Write out every record below exactly, leaving the pictures out.

Top of Exercise inputs

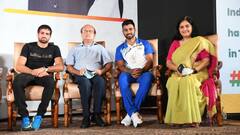 Indian Athletes Felicitation Ceremony: অলিম্পিক্সে পদকজয়ীদের সংবর্ধনা দিলেন অনুরাগ ঠাকুর, কিরেন রিজিজু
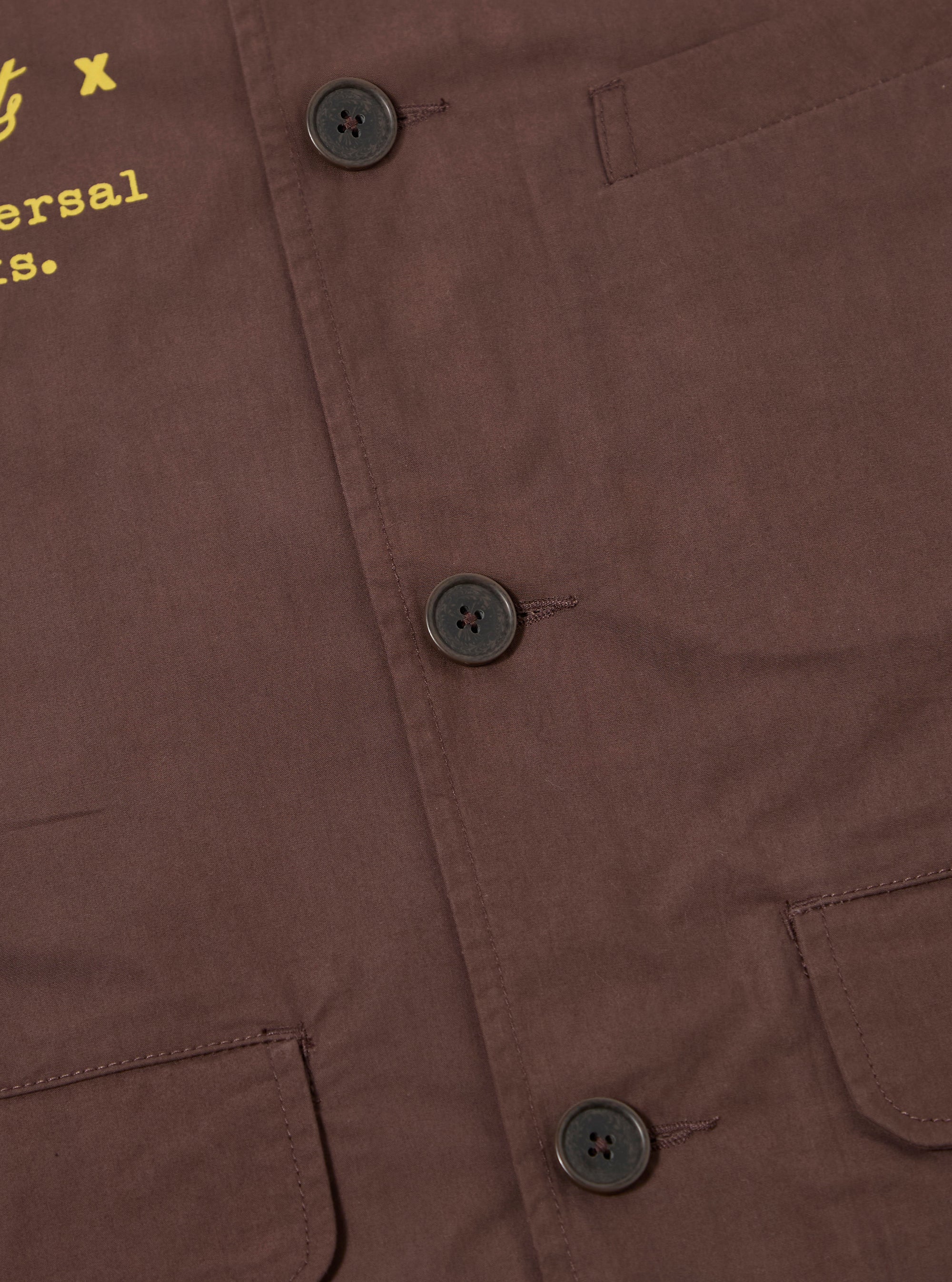 Paraboot x Universal Works Brown Peached Poplin Warmus Jacket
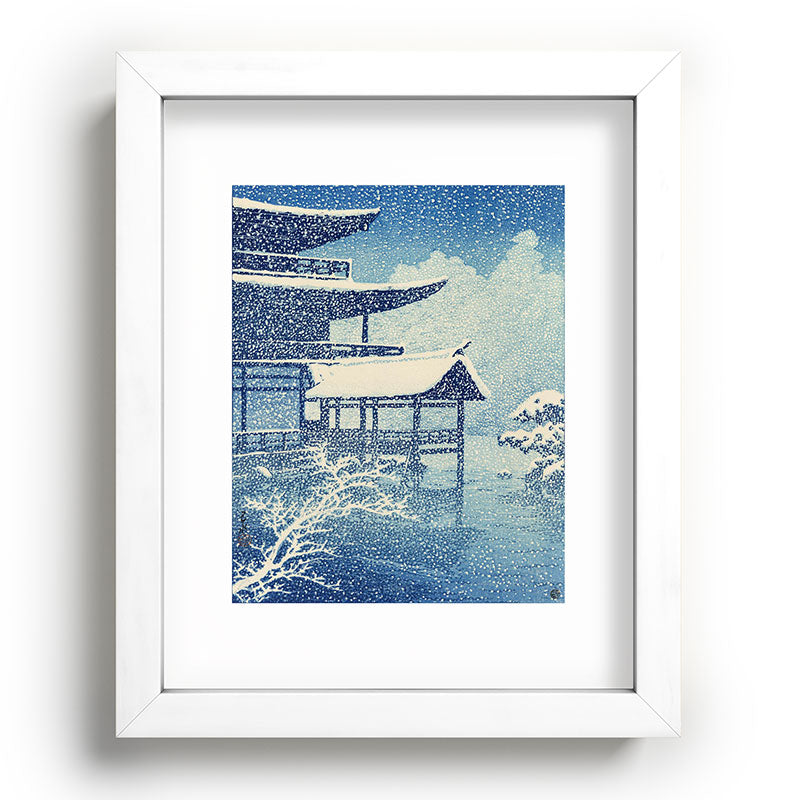 "Snow on Lake" by Hasui Kawase, 1922 Framed Art Print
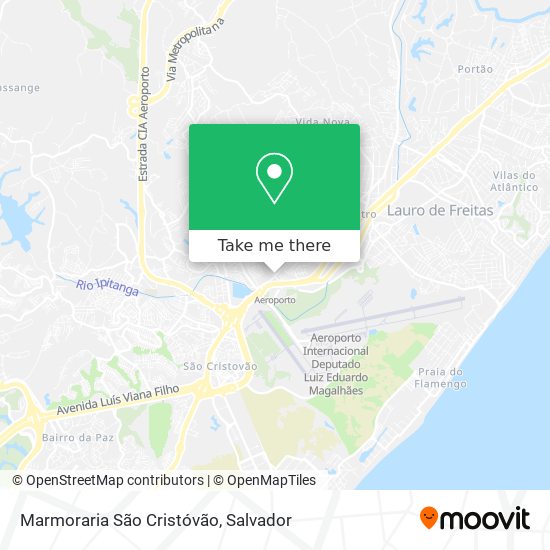 Marmoraria São Cristóvão map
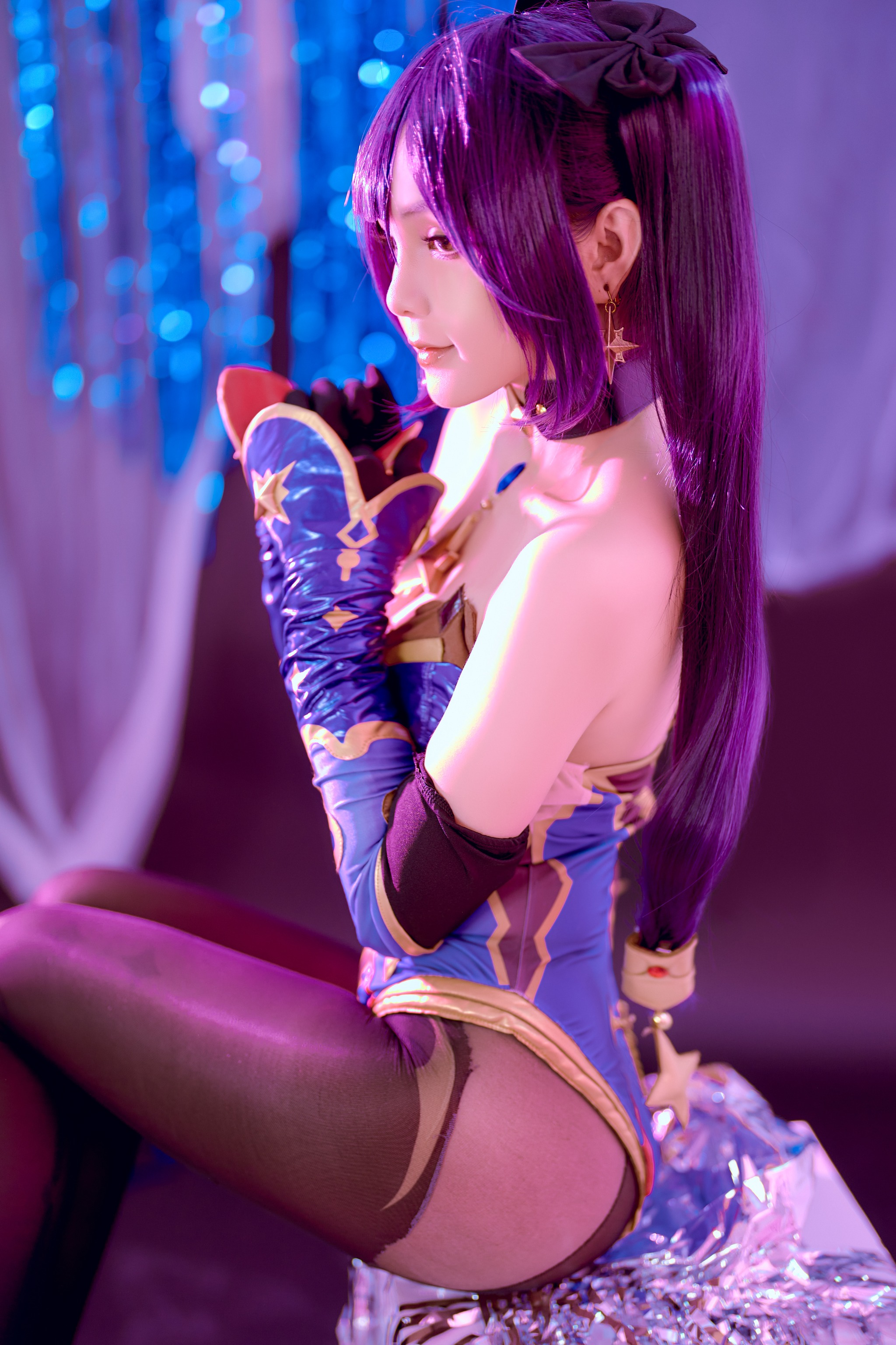 图片[1]-Joyce Lin2x – NO.006 Mona (Genshin Impact)[33P]-XikXak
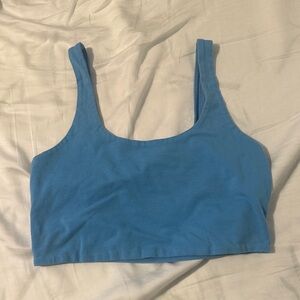 Wild Fable Blue Crop Top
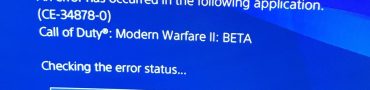 Modern Warfare 2 Beta Crashing Error CE-34878-0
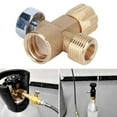 thumbnail image 4 of Co2 Refill Adapter Co2 Refill Connector Filling Accessory CO2 Refill Adapter Brass Connector ASA With W21.8-14 Joint 3000PSI Pressure Gauge, 4 of 8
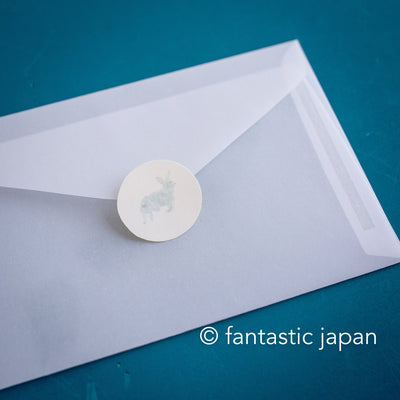 handmade Letter Writing set -rabbit- by tegamiya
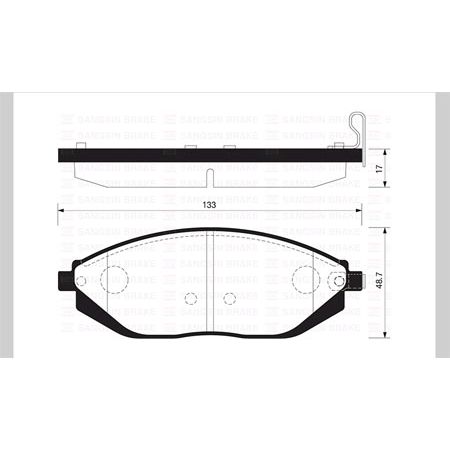 КолодкитормозныедисковыепередниедляШевролеСпаркМ3002009-2016,ChevroletSparkM300колодкитормозныедисковыепередниеHI-QSP1392,oem96682858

Bottom of Exercise inputs

▶ Problem solution:
 Indian Athletes Felicitation Ceremony: অলিম্পিক্সে পদকজয়ীদের সংবর্ধনা দিলেন অনুরাগ ঠাকুর, কিরেন রিজিজু
 Paraboot x Universal Works Brown Peached Poplin Warmus Jacket
 "Snow on Lake" by Hasui Kawase, 1922 Framed Art Print
 Marmoraria São Cristóvão map
 图片[1]-Joyce Lin2x – NO.006 Mona (Genshin Impact)[33P]-XikXak
 Wild Fable Blue Crop Top
 Modern Warfare 2 Beta Crashing Error CE-34878-0
 thumbnail image 4 of Co2 Refill Adapter Co2 Refill Connector Filling Accessory CO2 Refill Adapter Brass Connector ASA With W21.8-14 Joint 3000PSI Pressure Gauge, 4 of 8
 handmade Letter Writing set -rabbit- by tegamiya
 КолодкитормозныедисковыепередниедляШевролеСпаркМ3002009-2016,ChevroletSparkM300колодкитормозныедисковыепередниеHI-QSP1392,oem96682858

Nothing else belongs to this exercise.